Jaka Tingkir menikmati malam itu dengan kesedihan karena akan berpisah dengan saya. Ya Jaka Tingkir adalah nama yang saya berikan pada motor tersebut. Bersama Jaka saya pernah jatuh terguling di lumpur, hampir menabrak ayam tetangga, juga tersungkur di tengah hutan karet. Bersama Si Tingkir saya merasakan sebuah pengalaman yang mahal harganya. Malam itu menjadi malam terakhir bagi saya dan Tingkir.
“Sekitar dua minggu lah Mas sampai,” ujar Fanani, seorang petugas pengiriman paket di daerah Lintas Sumatera.
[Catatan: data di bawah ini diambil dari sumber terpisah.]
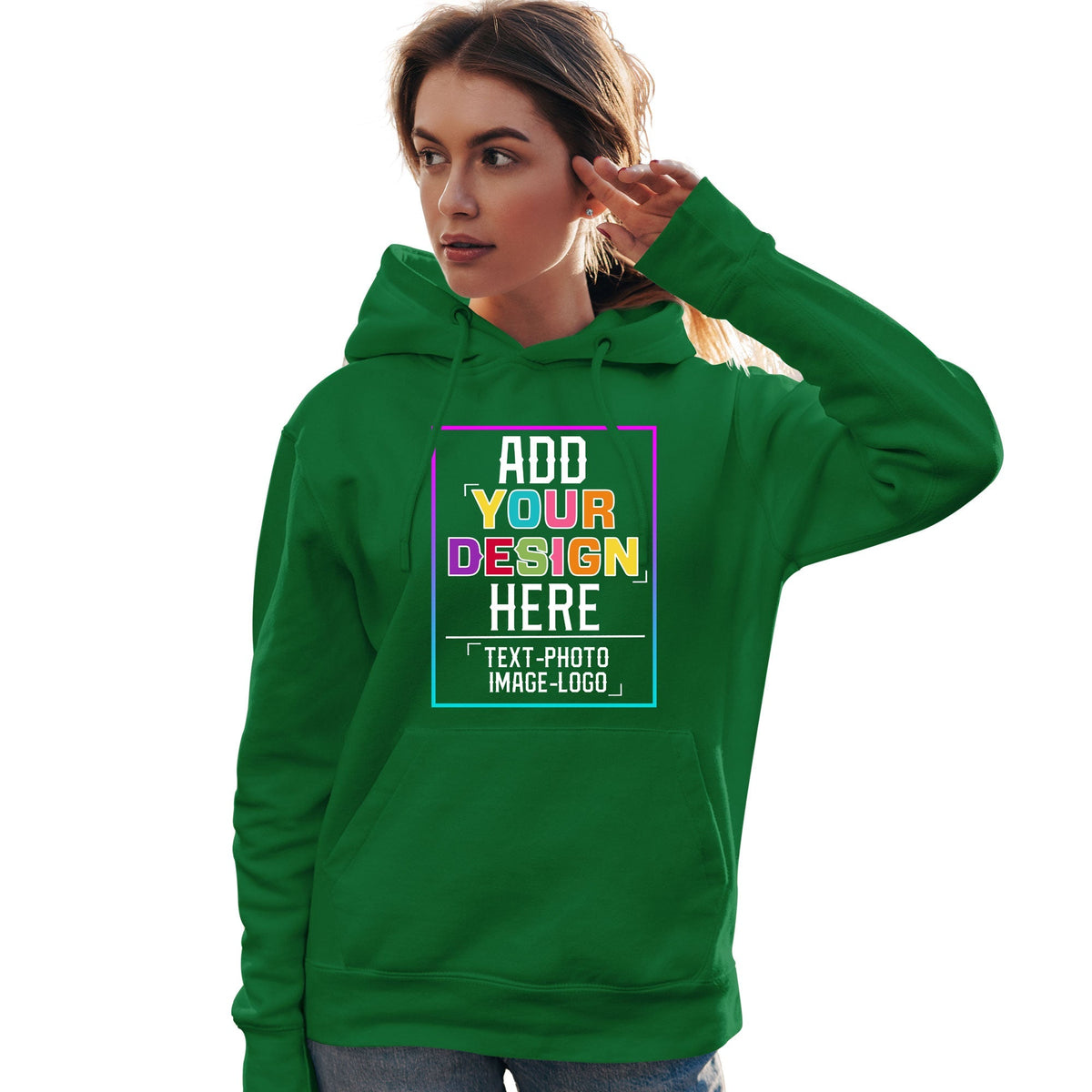 Custom Kelly Green Personalized Rainbow Color Font Team Pullover Sweatshirt Hoodie| KXKSHOP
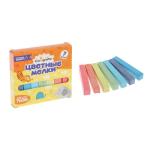 Мелки школьные цветные квадратные 7шт микс/3399581 МИН 10ШТ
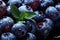 Fresh organic blueberries closeup view with mint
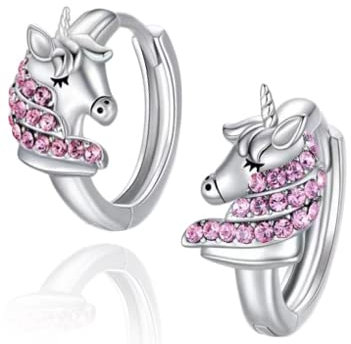 MENNICA BYDGOSKA 925 Silber Einhorn Creolen Ohrringe, 14 mm Durchmesser mit rosa Zirkonia für Mädchen, rhodiniert, nickelfrei, Geschenk für ein Mädchen, in einer dekorativen Box
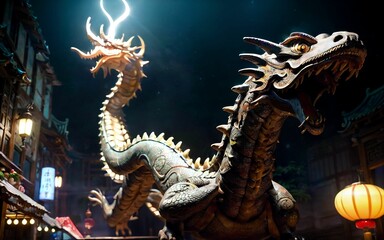 Obraz premium Guardians of Tradition The Enchanting Artistry of Chinese Wooden Dragons ai generated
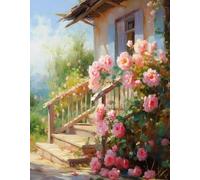 JUYIYUANFUZH Punto Croce Prestampato Ricamo Starter Kit Diy 11CT Rose Che Sbocciano Davanti Alla Porta 4 Punto Croce Kit Da Ricamare Principianti Hobby Creativi Adulti 40×50Cm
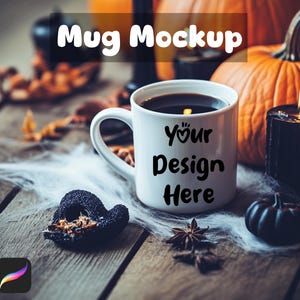 Witchy Mug Mockup – Pumpkins, Spider Webs & Candles for Procreate and Photoshop
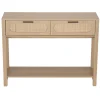 Console en bois et rotin Kanna 2 tiroirs 100x30xH75cm < Gifi Discount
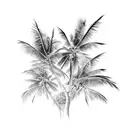 satoru GOJO and palm trees tattoo design idea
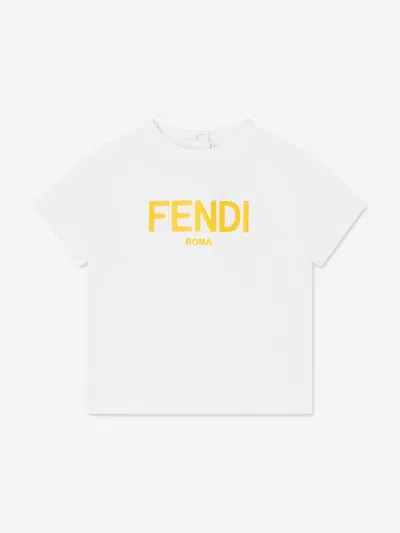 Shop Fendi Baby Logo T-shirt In White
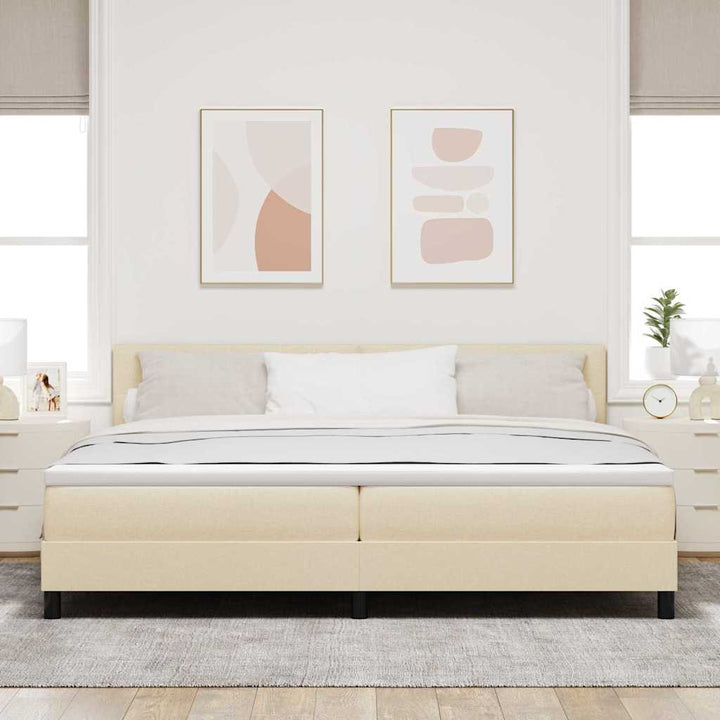 Box spring seng med madras med LED Creme 200 x 200 cm Stof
Sambil menyerahkan sebuah nota pengiriman ia meminta kunci motor dan STNK Jaka Tingkir. Menyerahkan kunci dan surat Si Tingkir bagaikan merelakan sebuah hubungan yang kandas begitu saja dengan sang pacar. Kini saya tak lagi bersamanya. Mungkin ia akan punya sahabat baru di tanah Kalimantan sana. Di kejauhan Lintas Sumatera saya menyempatkan menengok Tingkir yang terparkir rapi di halaman kantor penyedia paket.
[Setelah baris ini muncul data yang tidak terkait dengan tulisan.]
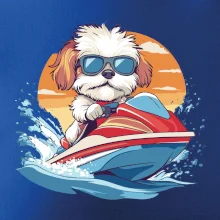 Bišónik na vodnom skútri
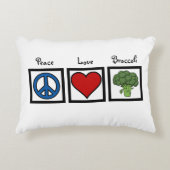 Peace Love en Broccoli Accent Kussen (Voorkant)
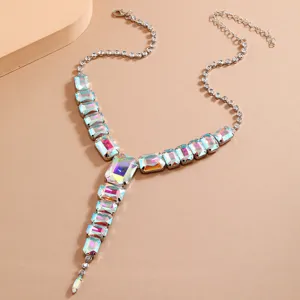 Detailed view of the European and American fashion exaggeration long glass crystal necklace.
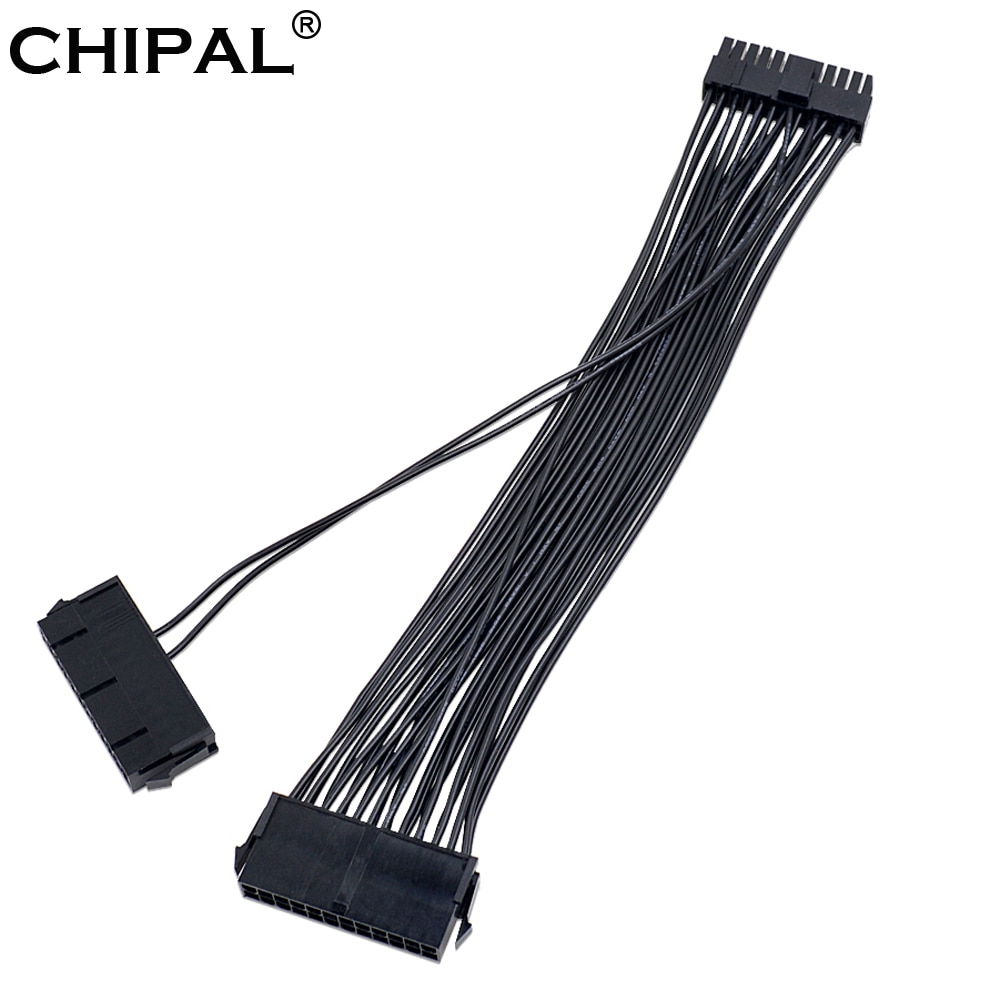 Chipal 30cm dubbla psu kabelförlängningsadapter atx 20+4 24 -stifts strömförsörjning synkroniseringsstart lägg till 2 psu riser för btc bitcoin miner mining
Dua kali sudah saya kehilangan rekan perjalanan. Dwiki di Jogja dan kini Jaka Tingkir harus hijrah ke Tanah Kalimantan. Sedih rasanya, buat saya motor adalah kawan terbaik di kala sepi. Saya punya kebiasaan aneh yakni mengobrol dengan motor. Banyak rahasia dan pertanyaan hidup yang saya ajukan pada motor. Ia memang tak bisa menjawab tapi ia mau mendengar, sebuah hal yang semakin langka ditemui pada manusia.
Kepergian Dwiki Dharmawan dan Jaka Tingkir juga membawa pertanyaan mengapa saya suka menamai motor. Buat saya menamai motor membuat suasana saat mengendara menjadi akrab. Saya juga tak lagi memandang mereka sebagai sebuah benda mati semata, melainkan teman yang punya hati. Tapi saya kemudian semakin ragu dengan alasan itu, sifat ini mungkin hadir karena saya laki-laki.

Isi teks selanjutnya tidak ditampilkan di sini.